Kathy Chun, THO Editor-in-Chief

How do you choose who lives or dies? In the summer of 2020, the United States witnessed social movements for racial equity overlap with the destruction of the COVID-19 pandemic. As large numbers of vaccination doses roll out, we seem to increasingly witness greater relevance between the two.

As vaccination spreads in availability, a greater gap has formed within American communities, tearing the United States into those who are able to get the vaccine and those who are not. Data shows that in most states, Black and Hispanic individuals receive a significantly smaller portion of available vaccines in comparison to their population proportion and their share of cases or deaths caused by COVID-19. For instance, Black individuals have received only 15% of Mississippi’s total vaccination doses, despite making up nearly 42% of COVID-19 deaths in the state. Other minorities including Native and Hispanic populations are facing similar disparities.
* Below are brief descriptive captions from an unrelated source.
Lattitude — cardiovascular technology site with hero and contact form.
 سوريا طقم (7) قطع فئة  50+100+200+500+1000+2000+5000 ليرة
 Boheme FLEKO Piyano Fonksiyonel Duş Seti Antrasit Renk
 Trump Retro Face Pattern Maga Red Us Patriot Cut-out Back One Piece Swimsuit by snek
With Black, Native American and Hispanic COVID-19 death rates nearly three times those of their white counterparts, the disparity in vaccine accessibility reveals a larger system of inequity not only particular to COVID-19 vaccines but rather the entire healthcare system and the United States as a whole.

The issue primarily stems from a number of deep-rooted factors ingrained into the racial injustices of the United States. Among healthcare workers alone, people of color face significantly less access to adequate personal protective equipment (PPE) and are much more likely to face greater exposure to COVID-19 patients to a clinical setting. Upon analyzing antibody evidence of previous COVID-19 infection among healthcare workers, the CDC concluded that healthcare workers of color faced higher rates of seropositivity than their white colleagues, suggesting higher likelihood of prior infection. 

Structural inequality has created even greater disparities in the general population as Black individuals face greater rates of contraction and death in nearly every state. Throughout the 20th century, redlining—an unjust practice of services that discriminates against residents of certain areas based on race or ethnicity—has segregated racial minorities, particularly Black communities, and trapped them from earning higher education, buying homes and accumulating wealth. Black communities are also typically areas of greater population density, increasing the rate of COVID-19 transmission compared to more affluent, predominantly white regions. While facing both higher dependence on public transport and reduced access to hospitals or equitable healthcare, Black workers represent a larger proportion of the COVID-19 essential workforce—bus drivers, food service workers, cashiers, etc. A history of discriminatory treatment against racial minorities has also fostered a deep distrust of the medical community of the healthcare industry. With reports of police stopping Black PPE-wearing healthcare workers in stores and openly coughing at Black residents in a public housing complex, the Black community faces a number of racial biases that shape disparities in healthcare. 

As COVID-19 vaccines increase in availability, we can hope to see inequities reduce as states are increasingly recruiting vaccinators in local neighborhoods through the CDC’s social vulnerability index, which interprets race, density of housing and poverty, as the Biden administration hopes to establish more racial equity for the vaccine rollout. But even after the COVID-19 pandemic subsides, the United States will continue to face greater racial injustices that may take more than a two-dose vaccine to eradicate.